Modern day technology aficionados swear the world has become a better, more efficient place with the advent of tiny gadgets and applications that do anything everywhere.
We video chat instantly with friends and relatives across the globe. Our smartphones guide us through less traveled local pubs when we are lost. Twins separated at birth are reunited through Facebook.
What could be better, you ask?
If the law of conservation of energy holds true, total energy cannot change in an isolated system. If something is gained, something must also be lost. If we gain efficiency and access to masses of information through technology, then what is lost?
All is lost, if you ask librarians, booksellers, and bibliophiles. With this devotion to gadgets comes a departure from reading, which is a tragic cost for modern intelligentsia.
How rare it is, in this day, to chance upon a peer who announces that his ideal leisure activity is reading a novel or a nonfiction piece!
Instead, the majority of us prefer to browse the web, channel surf, gossip, or simply chillax. After a 40-hour workweek, reading—because it involves imagining, analyzing, and thinking—is often the last endeavor many would call calming.
Sadly, even those of us who proudly boast of our superior educational credentials have let this ancient pastime fall to the wayside. I am referencing those degree recipients who have yet to read a book since they received their diplomas at commencement. (Hopefully, you are not among this crowd.) Ironically, such behavior is precisely the opposite of what a word like commencement intimates.
From the Book of Our Ancestors, we are told: “The whole point of an education is to learn to do what you need to do whether you like it or not.”
Ultimately, true education instills a discipline upon us that commands us to toil when we are tired, to persevere until the job is done; and for those of us who have reached the summit of scholastic achievement, to conceive of a job that, though it is yet to exist, necessitates doing.
Graduation from an institution of higher learning should, in its essence, become a springboard to further inquiries. This onset of a career of curiosity is satiated by questions then answers discovered through thorough research, out of which more questions arise.
The process begins again. Surely, reading is an integral component of this cycle.
But instead we have become accustomed to reading for the test, or for our occupation, and nothing more.
What’s worse, this cataclysmic trend of eschewing reading has also overcome our children.
Parents, who are hooked on electronics, gift their babies and toddlers tablets and smartphones. They entrust the responsibility of developing a love for reading in their children to the schools.
The mentality of the poor—whether poor in finances or in intellect—is that parents are only responsible for providing a roof over their children’s heads and food in their mouths.
They blame their busy lives and multiple jobs for not allowing time for them to read with their children. They blame hyperactive children for not being able to sit still.
They spread blame around like a mosquito spreads malaria.
But these parents are missing the point. They fail to understand that if reading is done regularly, children will learn to sit still. They will develop good habits, learn how to focus, and increase their attention spans. They will do better in school.
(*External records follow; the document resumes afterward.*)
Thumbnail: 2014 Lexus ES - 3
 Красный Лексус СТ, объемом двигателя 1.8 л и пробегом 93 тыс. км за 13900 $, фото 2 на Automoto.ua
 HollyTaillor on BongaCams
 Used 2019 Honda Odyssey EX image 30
Food, clothing, and shelter will allow children to develop their bodies but never entirely their brains. In addition to these basic needs, brains require added stimulation.
Children are exposed to language through speech, listening, song, and of course reading. They should connect words with meanings and emotions in the absence of computer, television, PDA, and mobile screens.
Reading is the gateway to different worlds. It is fundamental to learning. It forges more knowledgeable and informed adults, and one would hope, better citizens.
Reading apprises us of historical successes and failures. It gives us a window to our souls and the secrets of our enemies.
Technology is a sham of a deity, if it is one at all. The civilization that will vanquish others will be the one where the book goddess reclaims her rightful throne.